Die Leute sagten immer, dass es nicht gut war, Dinge nur wegzuschieben, die einem nicht gefielen oder schwierig waren. Denn damit waren sie nicht gelöst, sondern immer noch da. Trotzdem konnte er sich dazu nicht überwinden, also schüttelte er den Kopf. „Daran will ich ehrlich gesagt nicht denken.

„Also verdrängst du das", schloss Carlos aus seiner Antwort. War es so? Vermutlich. Dennoch glaubte er fest daran, dass das an solchen Tagen der bessere Weg war, statt sich Sorgen zu machen, sich in das Geschehene hineinzusteigern und am Ende nie wieder in einen Rennwagen steigen zu können, weil die Angst einen auffraß.
„Ja... Vielleicht..." Es würde ihm nicht wirklich weiterhelfen, das alles abzustreiten. Er wusste auch, dass Carlos niemand war, der einen jetzt unbedingt von dem moralisch besten Weg überzeugen musste. Wenn er nachfragte, wollte er einen lediglich verstehen und er glaubte, dass der Spanier das auch konnte.
„Wieso?"
„Weil das genau die Arten von Geschichten sind, die alle hören wollen.

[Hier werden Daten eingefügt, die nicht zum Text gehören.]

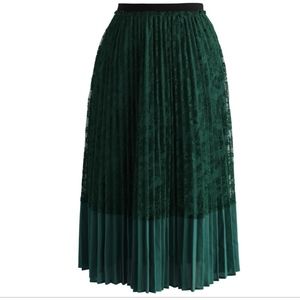 Grace Skirts - Lace the Grace Pleated Skirt in Emerald Green Grace Skirts - Lace the Grace Pleated Skirt in Emerald Green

Wie schwer mir das fällt. Wie hart das alles für mich ist. Glaub mir, nicht wenige haben Jules, Anthoine oder sogar meinen Vater schon erwähnt, weil sie sich eine interessante Reaktion davon erhofft haben, über die sie dann schreiben können."

Pures Entsetzen breitete sich auf Carlos' Zügen aus, als er das hörte.
„Was?! Das ist widerlich!", entfuhr es ihm sofort. Klar, auch der Ältere war mit dem Medienrummel schon lange vertraut. Er war so aufgewachsen. Sein Vater war schließlich mehrfacher Rallye-Meister, da hatte er als Kind schon erfahren müssen, wie groß das Interesse der Medien sein konnte, aber nicht jeder musste damit schon in jungen Jahren so miese Erfahrungen machen, wie er selbst.
„Aber so funktionieren die Medien leider", zuckte er also mit den Schultern. Er hatte diese Lektion sehr früh gelernt und war daher immer äußerst vorsichtig damit, was er anderen so von sich erzählte, denn er wollte gewisse Dinge nicht am nächsten Tag in der Zeitung oder im Internet lesen.
„Vermutlich. Trotzdem find ich das scheiße. Meinst du denn, dass es gut ist, wenn du mit solchen Gedanken im Kopf weiterfährst?", zeigte Carlos sich besorgt und er schätzte das auch. Das zeichnete einen guten Freund aus, dass er sich Gedanken machte und einen schützen wollte, aber in dieser Sache war er sich wirklich vollkommen sicher.

„Das muss ich sogar. Wenn ich das nicht mache, zweifle ich vor jedem Rennen und noch dazu wäre ich ein gefundenes Fressen für die Presse", erklärte er also. Diese Branche hier war hart. Härter, als er als Kind noch angenommen hatte. Aber es war nun einmal sein Traum gewesen und für das, was man liebte, musste man manchmal auch Opfer bringen.
„Sicher. Aber packst du das auch?" Eine gute Frage. Ganz sicher konnte er das vielleicht nicht sagen, doch er hatte es fest vor und wenn er nicht entschlossen blieb, was das anging, dann hatte er bereits verloren. Daher konnte es auch nur eine Antwort für ihn geben.
„Das werde ich." Denn daran glaubte er.
Carlos hob kaum merklich eine Augenbraue, dachte kurz nach und lachte dann leise, während er ungläubig den Kopf schüttelte.
„Wo nimmst du nur diese Stärke her?", wollte der Ältere wissen, aber darauf gab es ja auch eine ganz simple Antwort.
„Na, hiervon." Er hob den Arm, an dem das Abend befestigt war, welches Carlos ihm letztes Jahr wiedergebracht hatte. Bis heute wollte er nicht darüber nachdenken, was passiert wäre, wenn er es nicht wiederbekommen hätte. Es bedeutete ihm nach wie vor so verdammt viel, dass der Spanier es gefunden und ihm zurückgebracht hatte. „Also siehst du, was du für mich damals getan hast, ist viel größer, als du bisher dachtest."